Doing this mapping in Nova is possible (see the current implementation) but scales pretty badly even for small amount of ports in a single server create request. See the Non-scalable Nova based solution section with detailed examples and analysis.

On the other hand when Placement builds an allocation candidate it does that by building allocations for each granular request group. Therefore Placement could include the necessary mapping information in the response with significantly less effort.

So doing the mapping in Nova also duplicates logic that is already implemented in Placement.

Use Cases¶

The use case of the bandwidth resource provider spec applies here because to fulfill that use case in a scalable way we need to consider the change proposed in this spec. Similarly handling VGPUs and accelerator devices requires this mapping information as well.

Proposed change¶

Extend the response of the GET /allocation_candidates API with an extra field mapping for each candidate.

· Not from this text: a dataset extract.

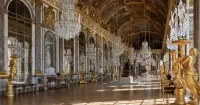 Rätsel Versailles interior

This field contains a mapping between resource request group names and RP UUIDs for each candidate to express which RP provides the resource for which request groups.

Alternatives¶

For API alternatives about the proposed REST API change see the REST API section.

Non-scalable Nova based solution¶

Given a single compute with the following inventories:

Compute RP (name=compute1, uuid=compute_uuid)
 +    CPU = 1
 |    MEMORY = 1024
 |    DISK = 10
 |
 +--+Network agent RP (for SRIOV agent),
        +    uuid=sriov_agent_uuid
        |
        |
        +--+Physical network interface RP
        |    uuid = uuid5(compute1:eth0)
        |    resources:
        |        NET_BANDWIDTH_EGRESS_KILOBITS_PER_SECOND=2000
        |        NET_BANDWIDTH_INGRESS_KILOBITS_PER_SECOND=2000
        |    traits:
        |        CUSTOM_PHYSNET_1
        |        CUSTOM_VNIC_TYPE_DIRECT
        |
        +--+Physical network interface RP
             uuid = uuid5(compute1:eth1)
             resources:
                 NET_BANDWIDTH_EGRESS_KILOBITS_PER_SECOND=2000
                 NET_BANDWIDTH_INGRESS_KILOBITS_PER_SECOND=2000
             traits:
                 CUSTOM_PHYSNET_1
                 CUSTOM_VNIC_TYPE_DIRECT

Example 1 - boot with a single port having bandwidth request¶

Neutron port:

{
    'id': 'da941911-a70d-4aac-8be0-c3b263e6fd4f',
    'resource_request': {
        "resources": {
            "NET_BANDWIDTH_EGRESS_KILOBITS_PER_SECOND": 1000,
            "NET_BANDWIDTH_INGRESS_KILOBITS_PER_SECOND": 1000},
        "required": ["CUSTOM_PHYSNET_1",
                     "CUSTOM_VNIC_TYPE_DIRECT"]
    }
}

Placement request during scheduling:

GET /placement/allocation_candidates?
    limit=1000&
    resources=DISK_GB=1,MEMORY_MB=512,VCPU=1&
    required1=CUSTOM_PHYSNET_1,CUSTOM_VNIC_TYPE_DIRECT&
    resources1=NET_BANDWIDTH_EGRESS_KILOBITS_PER_SECOND=1000,
               NET_BANDWIDTH_INGRESS_KILOBITS_PER_SECOND=1000

Placement response:

{
   "allocation_requests":[
      {
         "allocations":{
            uuid5(compute1:eth0):{
              "resources":{
                  "NET_BANDWIDTH_INGRESS_KILOBITS_PER_SECOND":1000,
                  "NET_BANDWIDTH_EGRESS_KILOBITS_PER_SECOND":1000
               }
            },
            compute_uuid:{
               "resources":{
                  "MEMORY_MB":512,
                  "DISK_GB":1,
                  "VCPU":1
               }
            }
         }
      },
      // ... another similar allocations with uuid5(compute1:eth1)
   ],
   "provider_summaries":{
       // ...
   }
}

Filter scheduler selects the first candidate that points to uuid5(compute1:eth0)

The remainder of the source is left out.